Thoai1. What is security access control?
Security access control refers to the process of managing who is authorized to access certain data or resources in an organization. It is a fundamental component of data security. For example, when creating a post on Facebook, you can specify who can view your post or you can create a file share in Google Driver to someone else which is read-only.
Access control helps prevent unauthorized access to sensitive information, such as customer data, intellectual property, and other valuable company resources. Access control is typically achieved through a combination of technologies, policies, and procedures, and can be applied to both physical and digital assets.
The goal of access control is to ensure that only authorized individuals or processes are able to gain access to sensitive information or resources, reducing the risk of data breaches, theft, or other security incidents. There are three most common access control models which are being used by the most popular companies, they are:
- Mandatory Access Control (MAC)
- Discretionary Access Control (DAC)
- Role-Based Access Control (RBAC)
2. Mandatory Access Control (MAC)
Mandatory access control (MAC) is a security model that restricts access to resources based on predefined security policies or classifications determined by a central authority instead of the discretionary access control (DAC) model based on owner-defined access rules. The most famous implementation of this model is Oracle Label Security.
In MAC, the operating system or security system enforces access controls based on the sensitivity of the information, the clearance level of the user, and the classification of the resource in question.
In a MAC system, users do not have any control over access permissions, and access policies are rigidly enforced by the system. This makes MAC an effective security mechanism in environments where the need for confidentiality is paramount, such as military, government, or finance organizations.
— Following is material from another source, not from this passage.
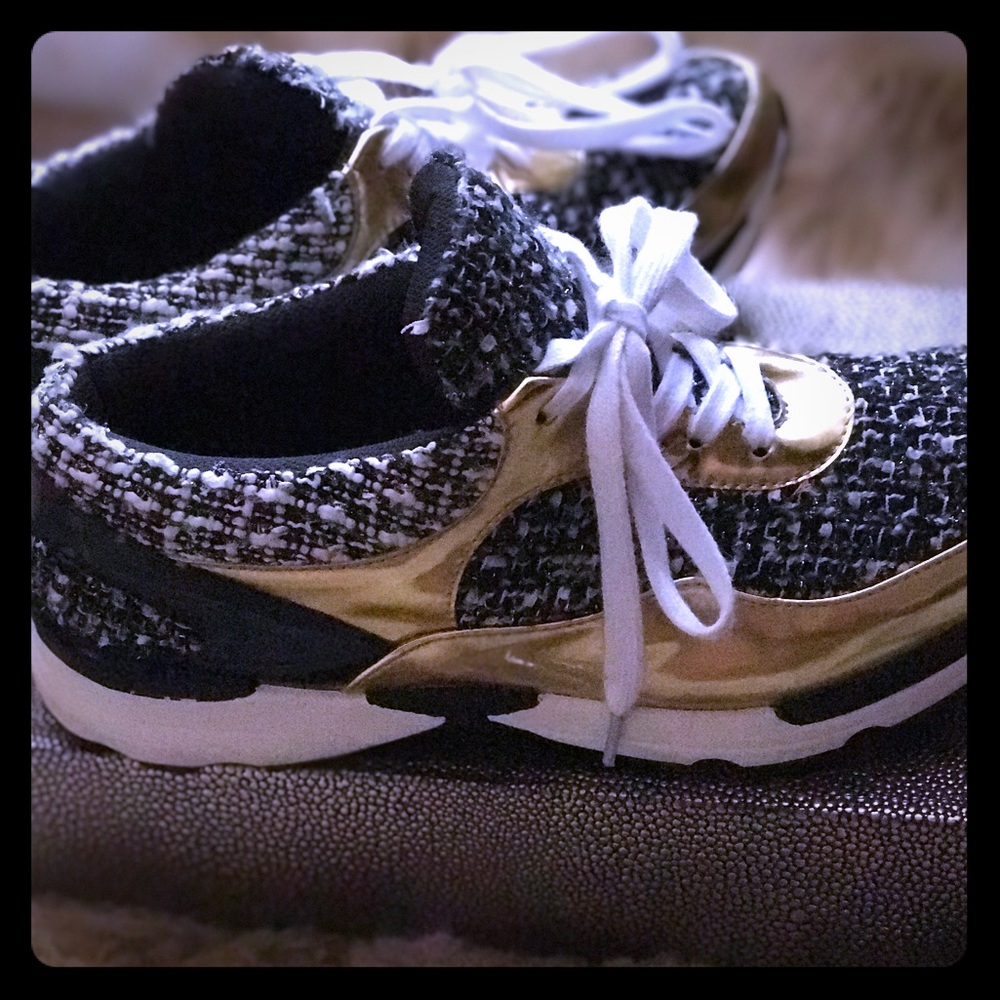 Tweed athletic shoes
However, MAC can also be challenging to administer and implement in more flexible, collaborative environments.
For example: the government classification system used to safeguard classified information. The system assigns a security level to each piece of classified information based on its perceived importance, and each individual with access to the information is assigned a clearance level based on their need to know. The higher the security level of the information, the more stringent the clearance requirements for those who may access it.
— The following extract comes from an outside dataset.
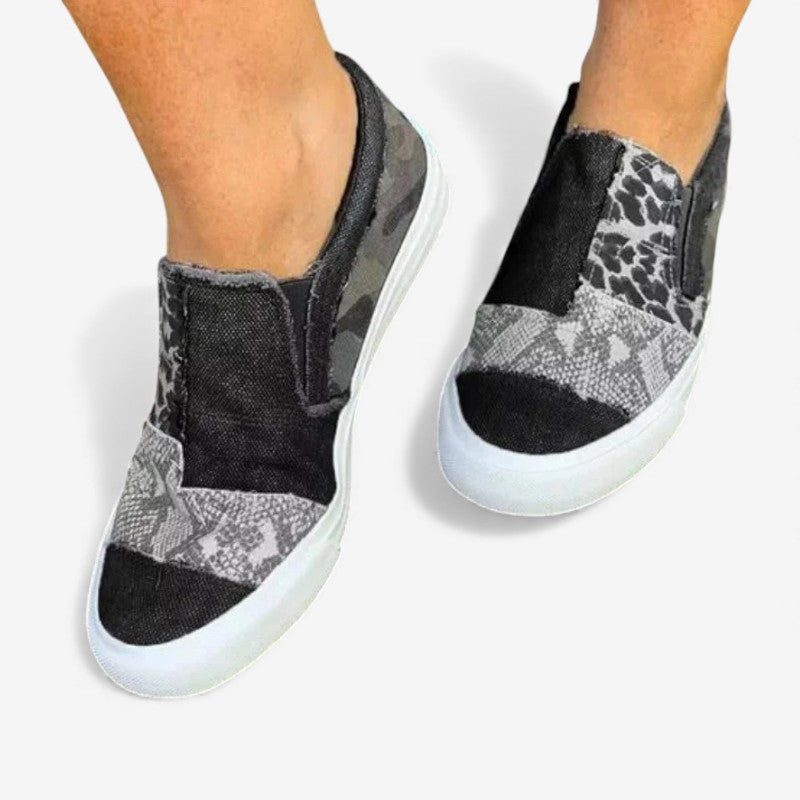 Adele – Flat shoes with printed design and round-toe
The operating system or security system enforces these access controls, such that a user without the appropriate clearance level would be unable to access the information, regardless of their job duties or position within the organization.
3. Discretionary Access Control (DAC)
Discretionary access control (DAC) is a type of security access control that grants or restricts object access via an access policy determined by an object’s owner rather than a system administrator. In DAC, access to an object is granted or denied based on the identity of the user, group, or process that requests access and the permissions assigned to that identity.
DAC allows the owner of a resource or file to grant and define access permissions to other users, allowing for greater flexibility and collaboration. However, this approach can also be risky, as it puts sensitive data in the hands of potentially unqualified or malicious users.
It is important to note that DAC is only one aspect of access control and that other types of access control, such as mandatory access control (MAC) and role-based access control (RBAC), are also used to help protect sensitive assets and data.
For example: file permissions in Unix-like operating systems. In this model, each file has an owner, and the owner has the discretion of setting the read, write, and execute permissions for that file to be accessed by themselves, members of their own group or arbitrary users.
For instance, if a file’s owner sets read permissions for a specific group, only members of that group will be able to access that file. This allows for fine-grained control over access to files and directories, giving users more flexibility and control over their data.
4. Role-Based Access Control (RBAC)
The most popular model is Role-based access control (RBAC) is a method of regulating access to computer or network resources based on the roles of individual users within an organization. Spring security is one of the most famous security frameworks which implements this model.
In RBAC, users are assigned to roles, which have a set of permissions associated with them. These permissions determine what resources a user can access and what actions they are authorized to perform on those resources.
For example: HR system, the HR manager might have privileges to create new user accounts, edit employee data, and view salary information, while an HR assistant might have privileges to view and edit employee data, but not create new user accounts or view salary information.
In an RBAC system, these different levels of access could be set up as distinct roles, and users would be assigned to a role based on their job function and level of responsibility. This approach helps ensure that individual users only have access to the resources necessary to perform their job duties and prevents unauthorized access to sensitive information.